If pledged foreign aid is forthcoming and tax revenues continue to flow from Israel, the economies of the West Bank and Gaza should begin to recover in 2015
The conflict in the summer of 2014 was the latest blow to economic survival in the Palestinian territories, with GDP growth in Gaza falling 15 per cent as a result of the war with Israel. The Washington-based IMF estimates that the war caused losses of $4bn, equivalent to 35 per cent of the GDP of the West Bank and Gaza.
The 51-day conflict resulted in damage to tens of thousands of homes and businesses, and utilities and key infrastructure were significantly damaged.
The vast rebuilding effort will place further stresses on Gazas economy, which was already struggling to cope with the expanding population and growing levels of unemployment.
Due to the low base rate, the IMF is forecasting GDP growth in Gaza of 7 per cent as the reconstruction efforts take place. The institution projects that the West Bank will achieve very modest growth in 2015 as a result of the resumption of transfer of revenues collected by Israel on its behalf, following their cessation in December.
The fund forecasts an overall GDP growth of 2.5 per cent in 2015 if reconstruction efforts begin to move forwards more quickly.
Due to the considerable damage caused to infrastructure during the 2014 conflict, and continued restrictions on trade and activity as a result of the dispute with Israel, it is imperative that the Palestinian Authority (PA) continues to receive aid from the international community to allow it to regain a path to economic growth.
The West Bank and Gaza are not IMF member states, and so are not eligible for support from the fund. Consequently, bilateral or multilateral aid from international states is of paramount importance.
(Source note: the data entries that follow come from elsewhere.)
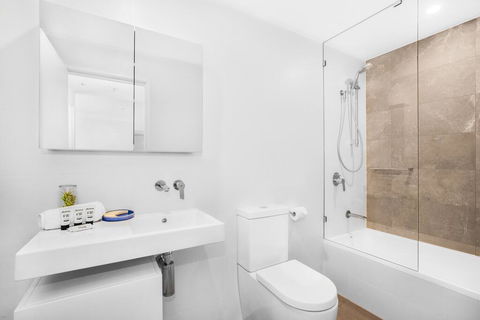 2-Bed Beach Apartment With Pool, Parking And Balcony - Accommodation Burleigh 3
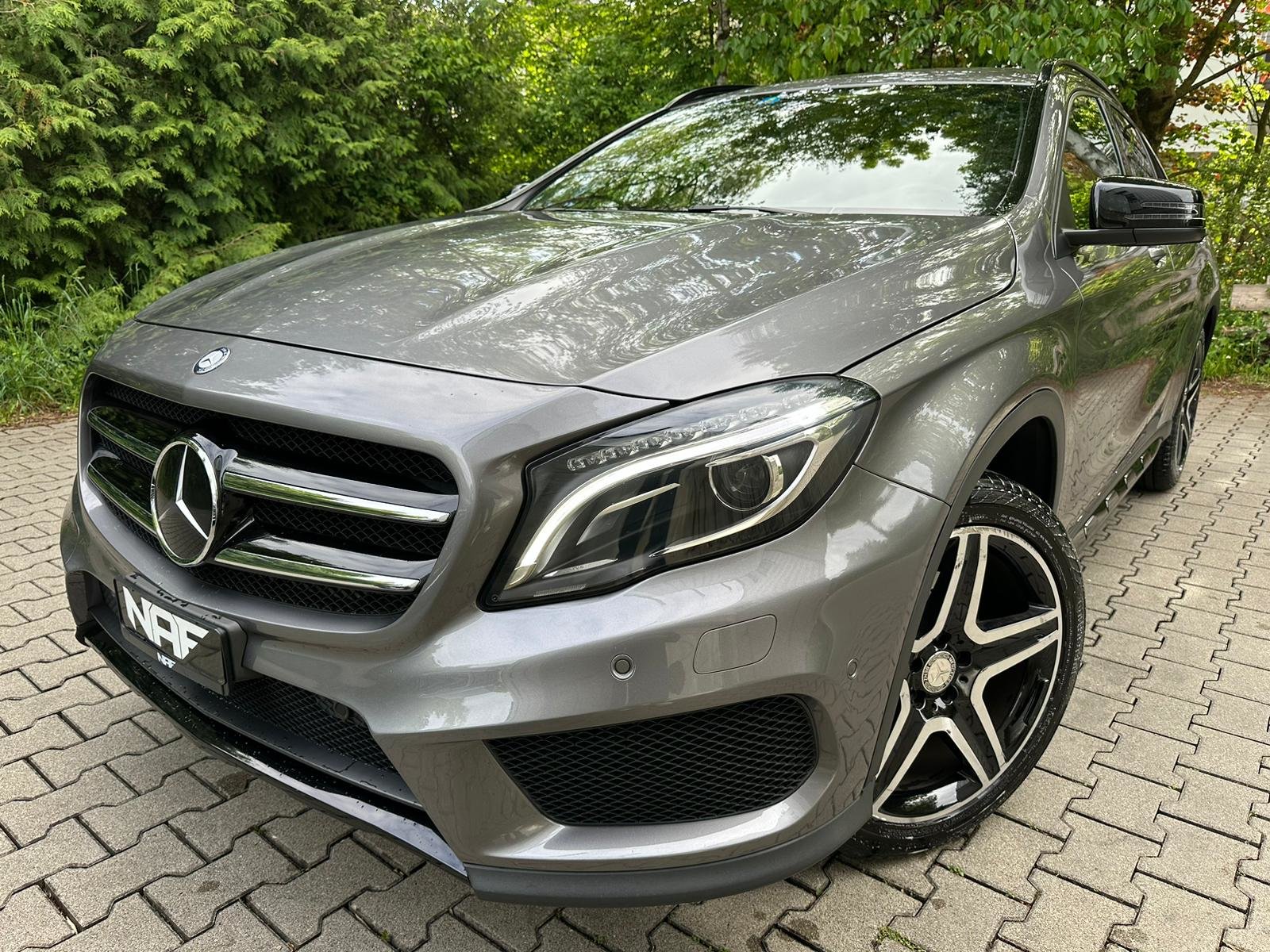 MERCEDES-BENZ GLA 250 AMG Line 4Matic 7G-DCT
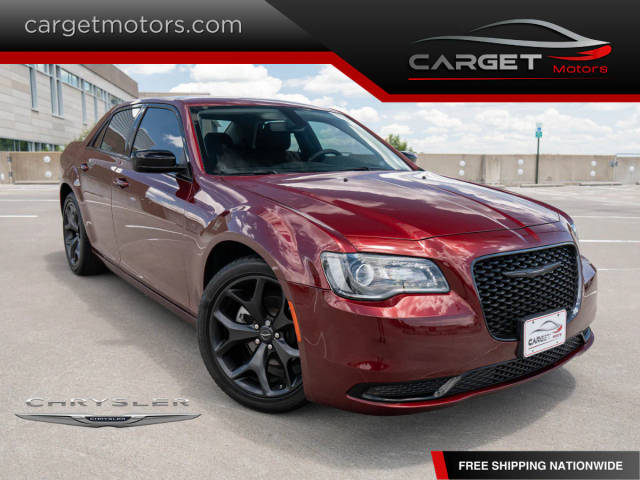 2023 Chrysler 300 Touring RWD photo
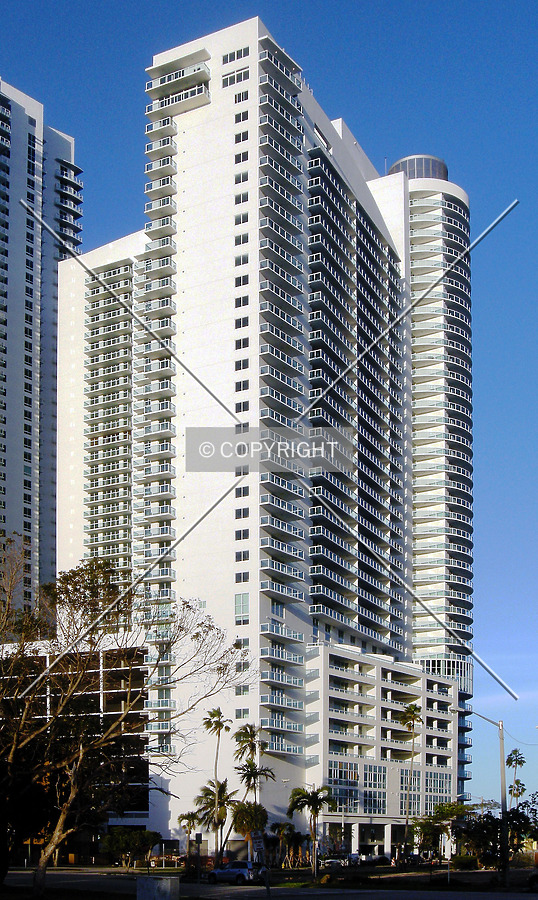 1800 Club by Jorge Molina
At a donor conference held in Cairo in October 2014, spearheaded by Egypt and Norway, a host of international states pledged $5.4bn of aid for rebuilding efforts in Gaza. This included $1bn from Qatar, $200m from Kuwait and the UAE, and $212m from the US. This was followed in January by Qatar and Iraq providing $54.7m to the Palestinian Authority to support the 2015 budget.
However, it was reported in 2015 that a significant amount of the pledged aid had not yet reached Gaza. Senior officials from Norway and Egypt have said it is crucial that the funding is delivered as quickly as possible to enable the rebuilding efforts to move ahead. This has been reinforced by the IMF, which says the reconstruction is moving slower than required for the economy to begin to recover.
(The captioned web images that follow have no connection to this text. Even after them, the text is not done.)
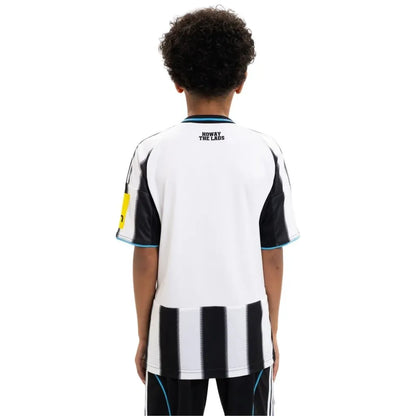 Conjunto Infantil Newcastle Home 2025/26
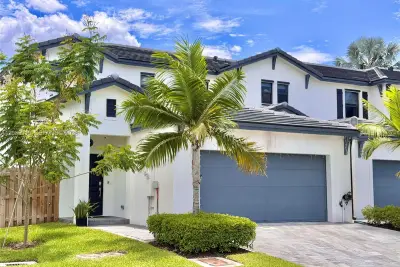 2950 Park Pl #5838, Dania Beach: photo 1 of 41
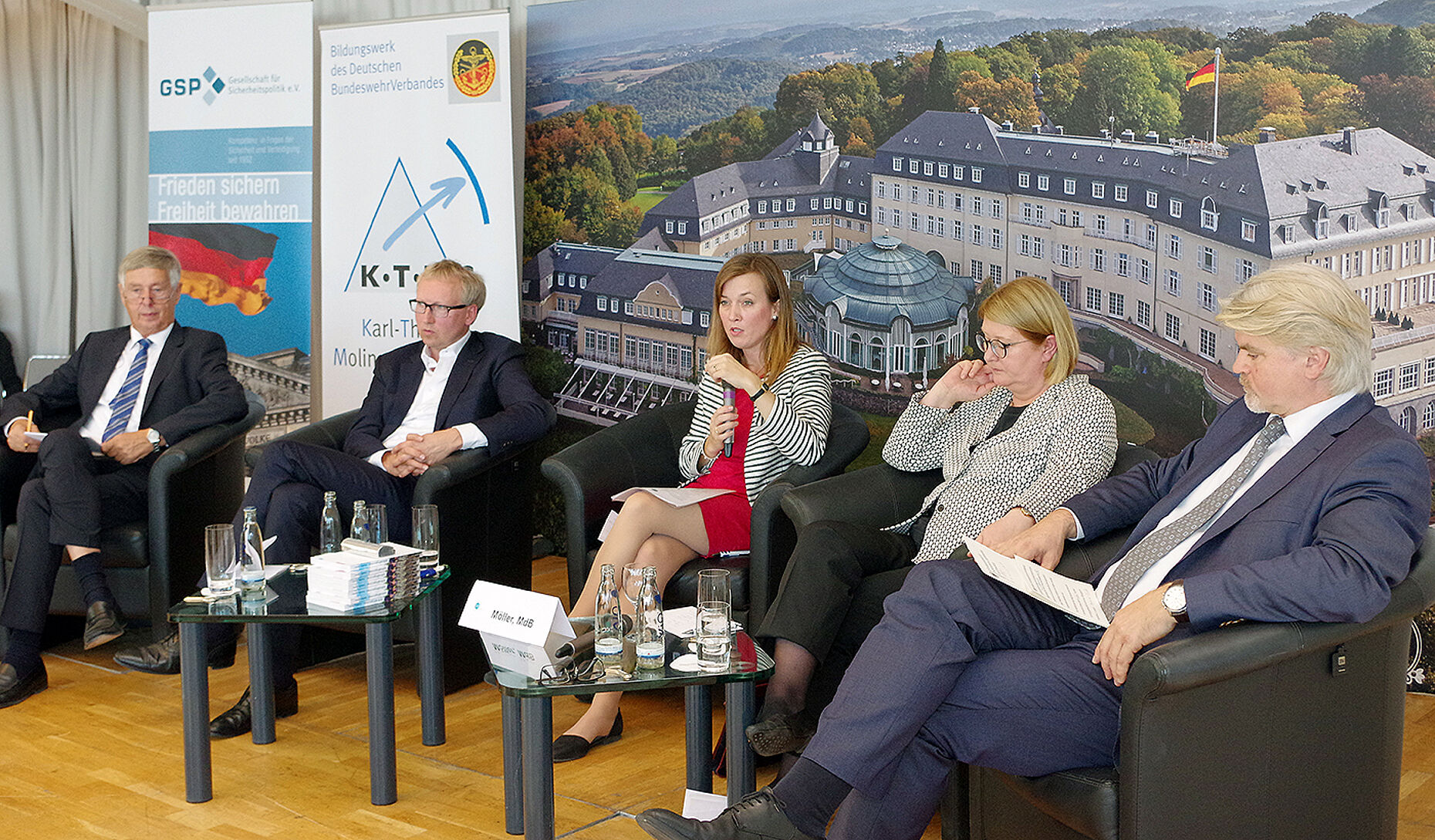 Die Wissenschaftler und Politiker in der ersten Diskussionsrunde sprachen über die immer komplexeren sicherheitspolitischen Herausforderungen. Foto: DBwV/ Frank Henning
In addition to aid for infrastructure developments, international donors and agencies have pledged support for refugee support and job creation. Earlier this year, the EU announced a $5.7m aid package to help generate jobs in Gaza.
Even during 2006-13, when the Palestinian territories were achieving consistent economic growth, they were unable to adequately address the unemployment issue.
According to the IMF, unemployment rates are as high as 41 per cent in Gaza and 19 per cent in the West Bank, and current economic growth projections will not be adequate to sustain required job creation.
As with all aspects of the economy in the West Bank and Gaza, the fractious relationship with Israel continues to stifle economic development. In addition to the obvious problems caused by armed conflict, restrictions on trade and other economic barriers continue to prevent sustainable growth.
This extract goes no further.